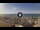 Webcam in Cattolica, 0.1 km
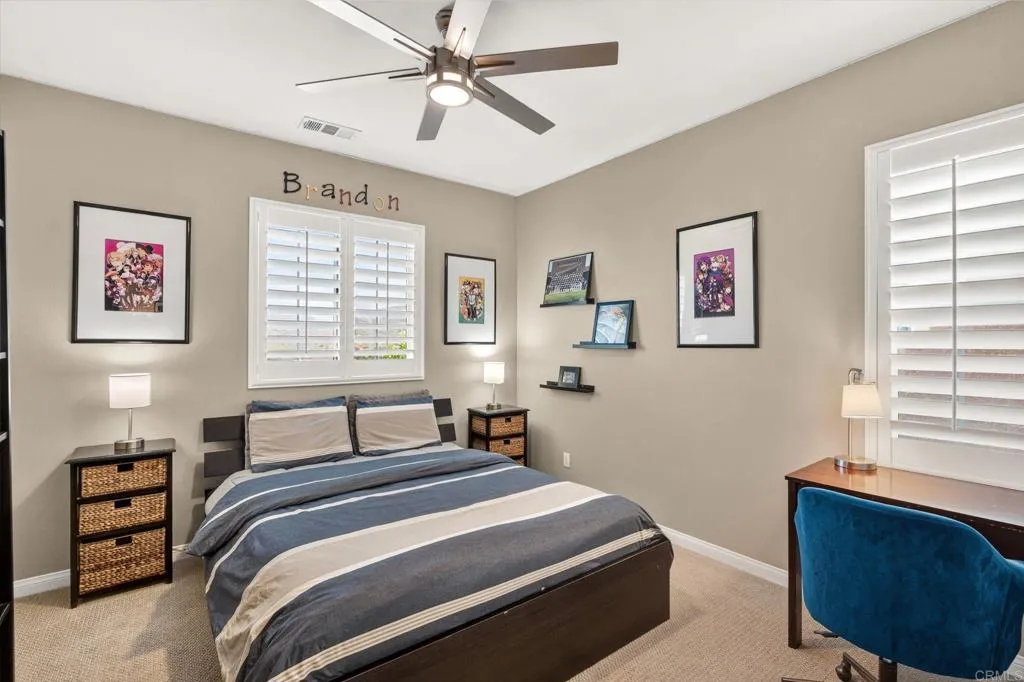 https://cdn.realtyfeed.com/cdn/127/306720261/b039b615ad54a030db1d4cd5754736c7.webp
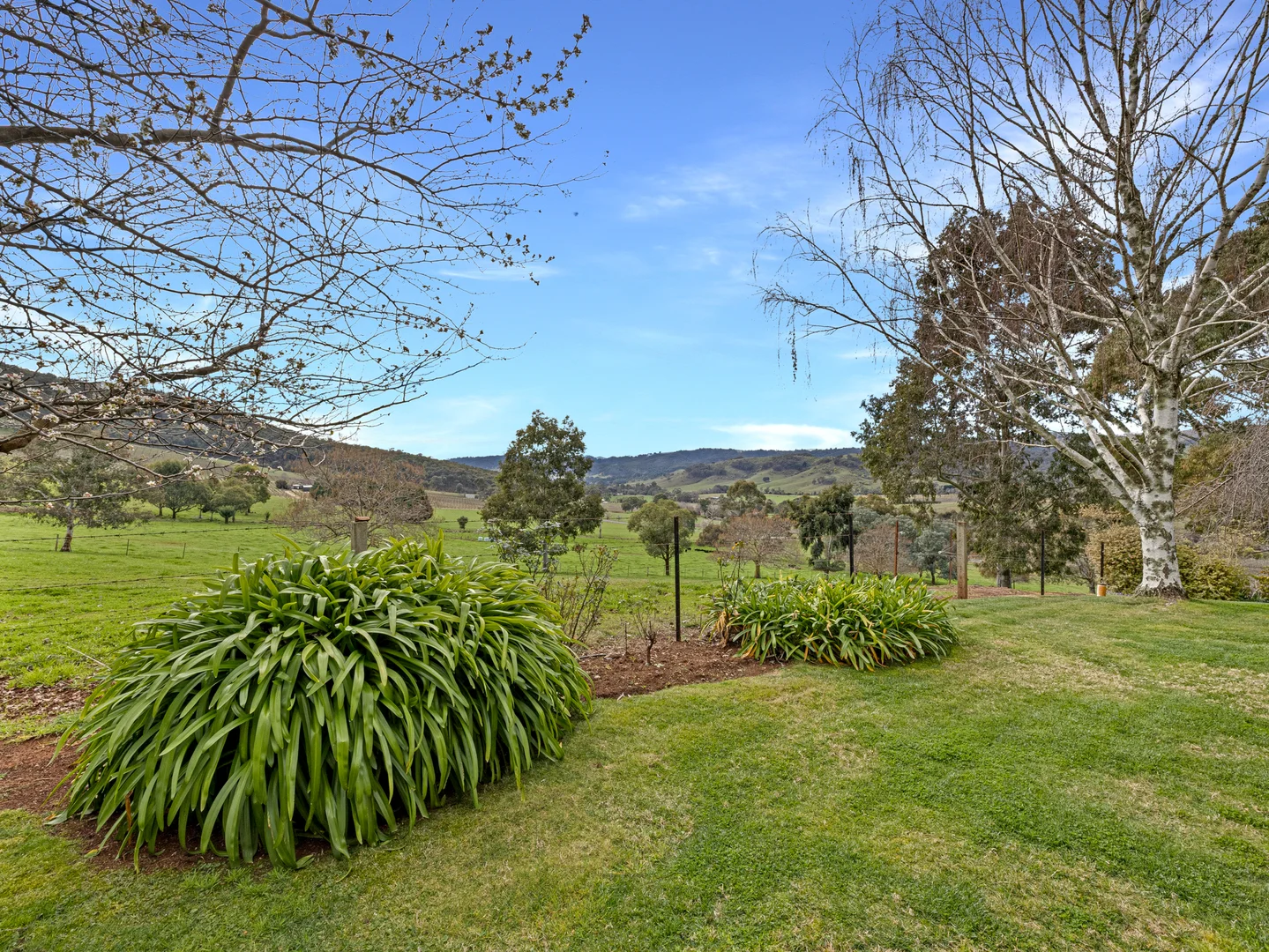 Additional image 22 of 1694 Boggy Creek Road, Myrrhee VIC 3732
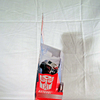 Transformers Database/animated/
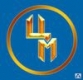 Лого ОАО Цветмет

-- Aim of the exercise --
Set down all of the material above exactly as written, leaving the pictures out.

-- Expected answer --
 Webcam in Cattolica, 0.1 km
 https://cdn.realtyfeed.com/cdn/127/306720261/b039b615ad54a030db1d4cd5754736c7.webp
 Additional image 22 of 1694 Boggy Creek Road, Myrrhee VIC 3732
 Transformers Database/animated/
 Лого ОАО Цветмет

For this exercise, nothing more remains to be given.